### Exercise objective
Type out the data exactly as given. Skip any image.

Source material START

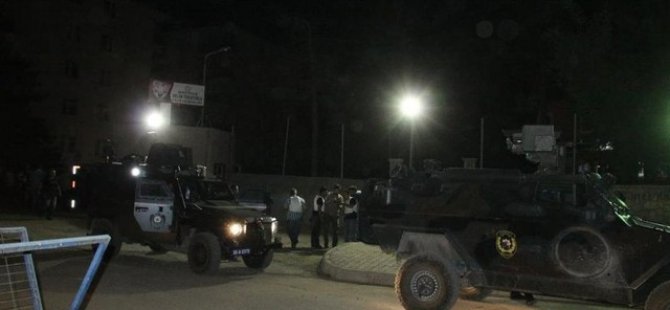 Yüksekova'da çatışma çıktı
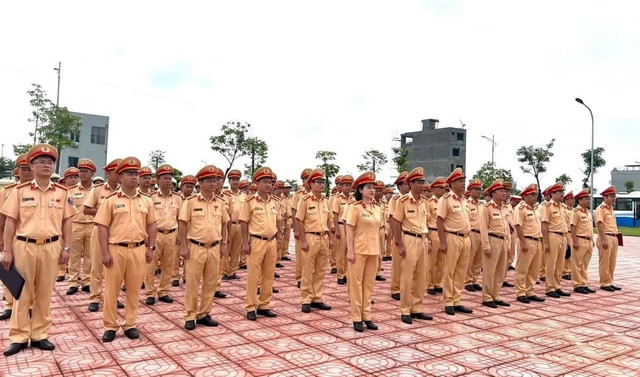 Lực lượng Phòng Cảnh sát giao thông, Công an tỉnh Bắc Ninh ra quân cao điểm tấn công tội phạm từ ngày 1/8 đến hết ngày 14/9/2025. z6862466239421-cd4792270484420e4c3543d46a5209e3-121452-291-134723.jpg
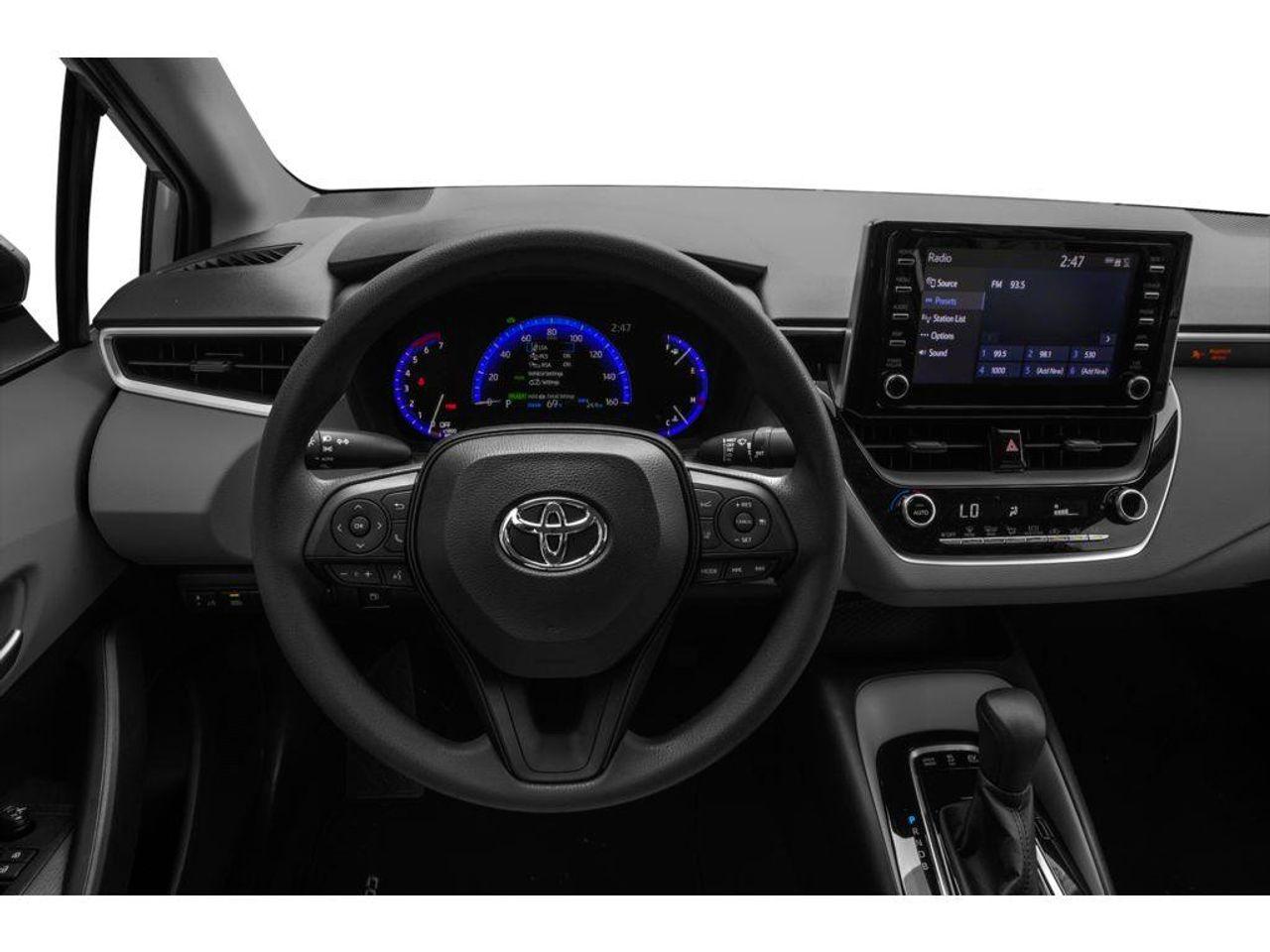 2022 Toyota Corolla LI-3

Source material END

### Response
 Yüksekova'da çatışma çıktı
 Lực lượng Phòng Cảnh sát giao thông, Công an tỉnh Bắc Ninh ra quân cao điểm tấn công tội phạm từ ngày 1/8 đến hết ngày 14/9/2025. z6862466239421-cd4792270484420e4c3543d46a5209e3-121452-291-134723.jpg
 2022 Toyota Corolla LI-3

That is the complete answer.